Captioned web images:
···

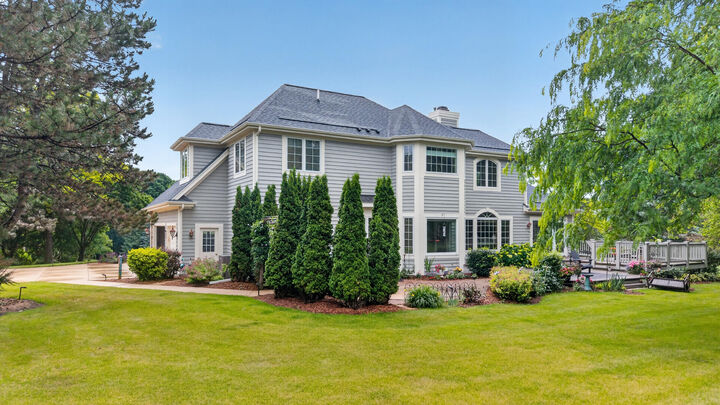 Property Photo:  1411 Windy Knoll Dr  WI 53033 
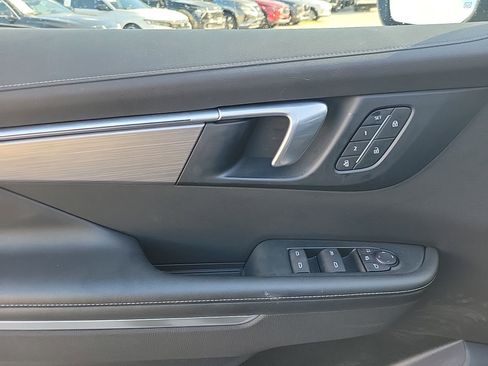 Used 2025 Buick Enclave Preferred w/ Power Package image 25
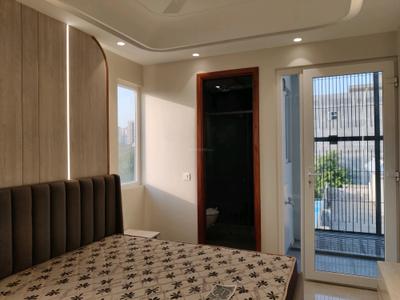 Bedroom Image of 2400 Sq.ft 4 BHK Builder Floor for sale in Indirapuram Ghaziabad for Rs. 24000000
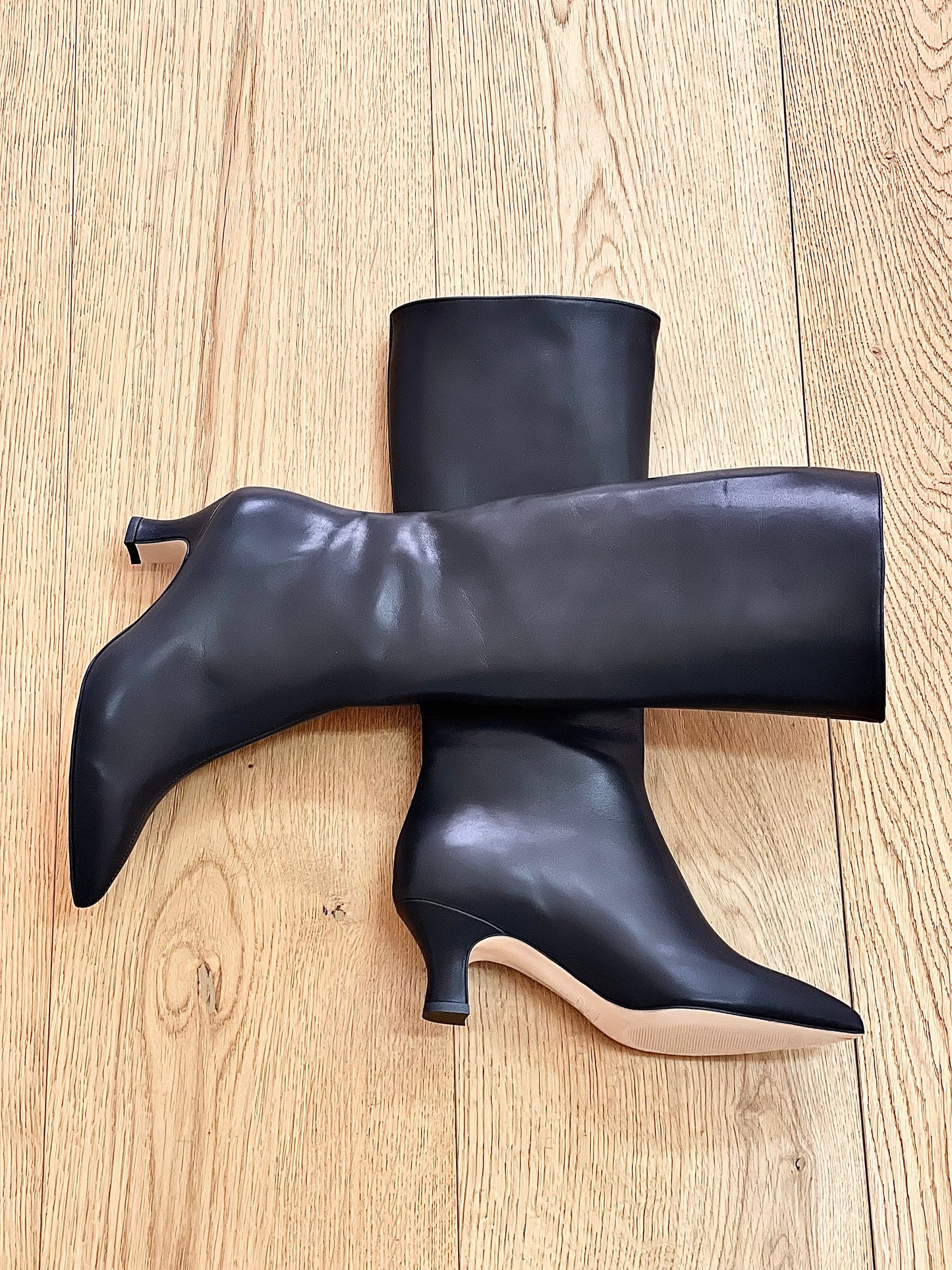 MAGELLAN LEATHER BLACK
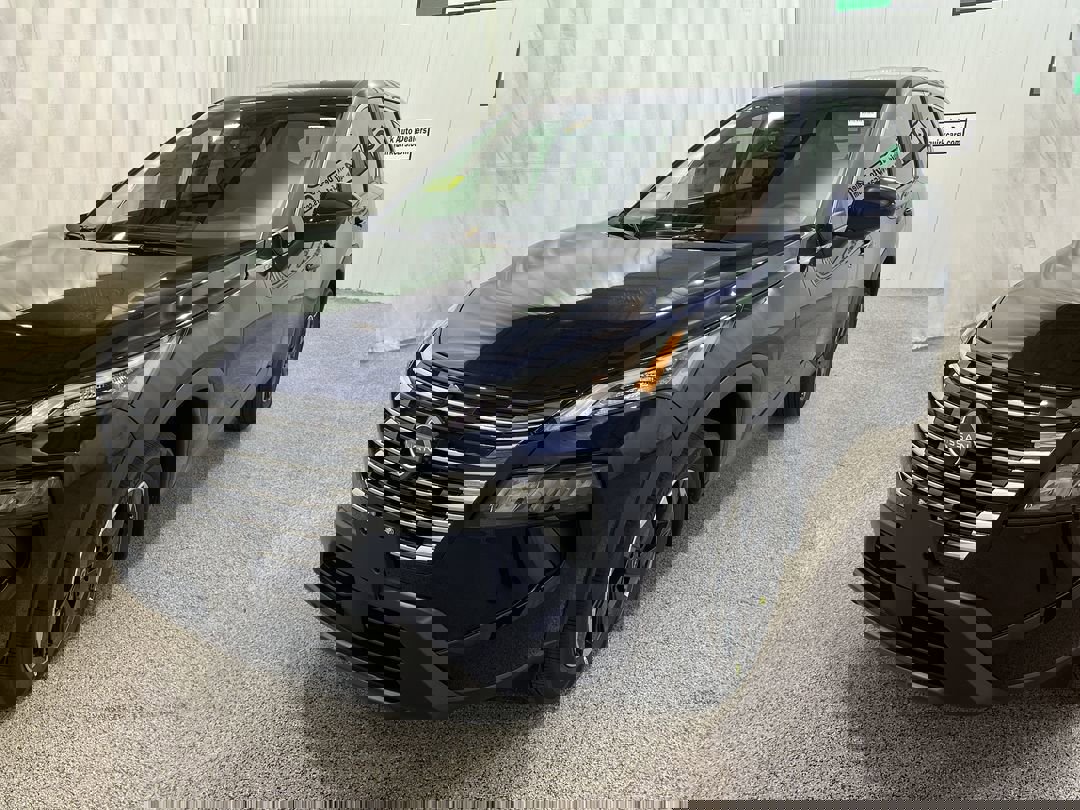 2026 Nissan Rogue SV photo 3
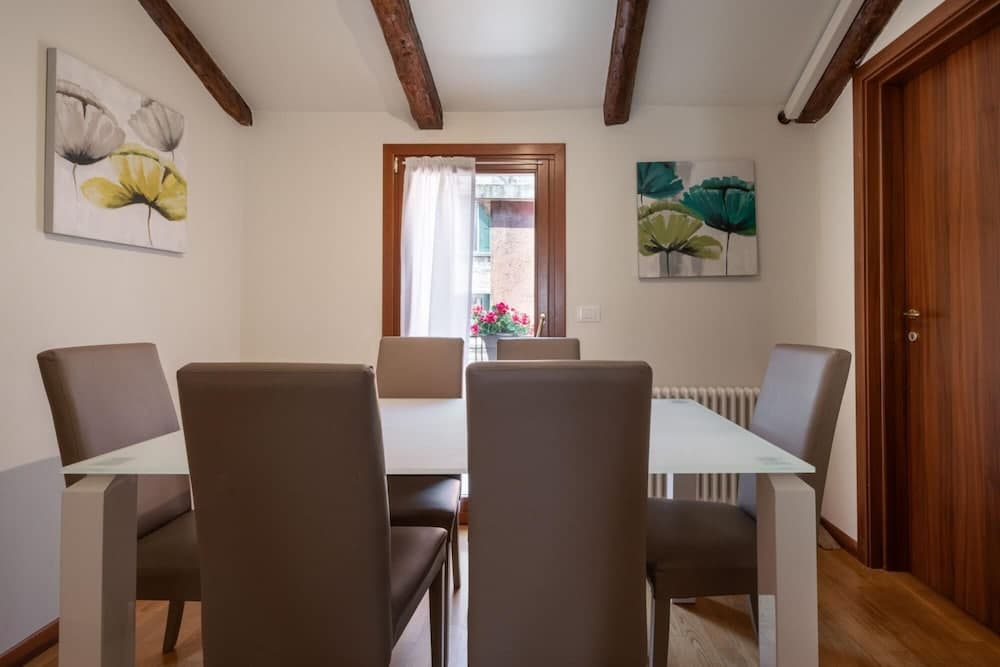 Herion Palace Apt 3 by Wonderful Italy — photo 1 of 1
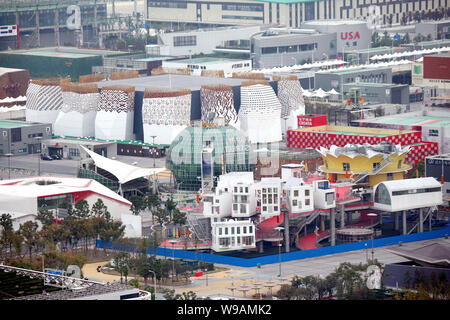 Padiglioni nazionali nel mondo Expo Park sono visti dal Ponte Lupu piattaforma osservatorio in Cina a Shanghai, 16 novembre 2010. Il Ponte Lupu o Foto Stock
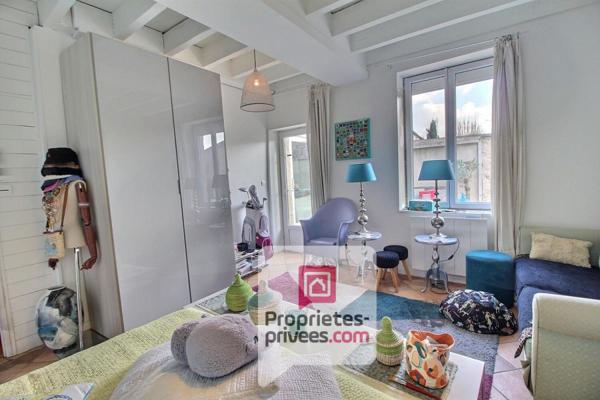 1h de PARIS - A VENDRE CHARMANTE MAISON de VILLAGE 120 m2 et beau jardin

···

• _Task statement_
The result is an exact copy of the lines from the one holding "MAGELLAN LEATHER BLACK" through the final line of the data above, both ends included, minus the pictures.

• _Solution to this exercise_
 MAGELLAN LEATHER BLACK
 2026 Nissan Rogue SV photo 3
 Herion Palace Apt 3 by Wonderful Italy — photo 1 of 1
 Padiglioni nazionali nel mondo Expo Park sono visti dal Ponte Lupu piattaforma osservatorio in Cina a Shanghai, 16 novembre 2010. Il Ponte Lupu o Foto Stock
 1h de PARIS - A VENDRE CHARMANTE MAISON de VILLAGE 120 m2 et beau jardin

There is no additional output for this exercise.